Didem Dayı; KHK’li Barış Akademisyeni.
TIKLAYIN - 2017'den 2020'ye 270 Akademisyenin Beyanı bianet'te
TIKLAYIN - Akademisyenlerin yargılandığı dava haberlerinin tamamını okuyun
Marmara Üniversitesi Güzel Sanatlar Fakültesi Tasarım Bölümü’nde öğretim üyesiyken 7 Şubat 2017’de çıkartılan bir gece yarısı KHK’si ile üniversiteden ihraç edildi.
O gün hatırlatılınca önce gülümsüyor.
“Odamızdan eşyalarımızı toparlamıştık. O süreç daha zor bir süreçti. Araftaydık. Bir çok arkadaşımız aynı şeyi söyler. ‘Atılınca rahatladık’ En azından o belirsizlik bitti."
Şaşırmadı
İhraç edildiğini de yine sendikası Eğitim Sen’in mesajlarından öğrendi. Olan bitene hiç şaşırmadı.

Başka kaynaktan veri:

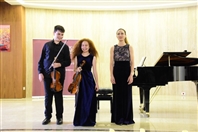 Social Event Les Musicales de Baabdath Strings of Hope 2022 Lebanon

“Olana kadar uzak geliyor aslında, beklediğiniz ama uzak olan bir durum diyelim. ‘Aman oldu işte’ diyorsun. Ama olunca da yani üniversiteden ilişiğimiz kesilince de o kadar da kötü bir durum olmadığını gördük. Haberi alınca. Gecenin bir yarısı telefonlar çalmaya başladı. İki oğlum var. Büyük oğlum, yanıma geldi ne olduğunu sordu. Başıma gelenleri ve gelebilecekleri anlatmıştım. Yine anlattım. ‘Koçum benim’ dedi. İki sonra okula gittim. Odamdan eşyalarımı aldım. Cuma günüydü. Pazartesi yeni hayatıma başladım.”
Evdeysen, çalışmıyorsun (mu?)
Akademide önemli rolleri olan bir kadının “eve dönüşü” de akademi gibi olmamış. Aksine çok işler yaparken sanki “evde çalıştığı” için, “hiç iş yapmıyor” gibi algılanmış.
“Ev dışında değil ev içinde evdeki iş bölümüne katıldığınız için sanki hiç ş yapmıyormuşsunuz gibi bir algı oluyor. Ne iş yaparsanız yapın artık işiniz yokmuş gibi davranılıyor. Evdeki pozisyonunuz değişiyor. Artık daha çok evde olduğunuz için sizden beklentiler artıyor oysa iş listeniz zaten azalmış değil.
"Eskiye göre ben daha çok çalışıyorum. Erkek akademisyenlerin böyle bir süreç yaşadığını düşünmüyorum. Kadın akademisyenler olarak evde de çalıştığımız halde, herkes için söylemem elbette ama, bir anlamda ‘çalışmıyor’ gibi bir algı oldu. Oysa tasarım işi yapıyorum ben ve evden de bir dünya iş yaptım.”
Dayanışma kadın mı?
Her süreç insan hayatında bir öğrenme biçimi belki de.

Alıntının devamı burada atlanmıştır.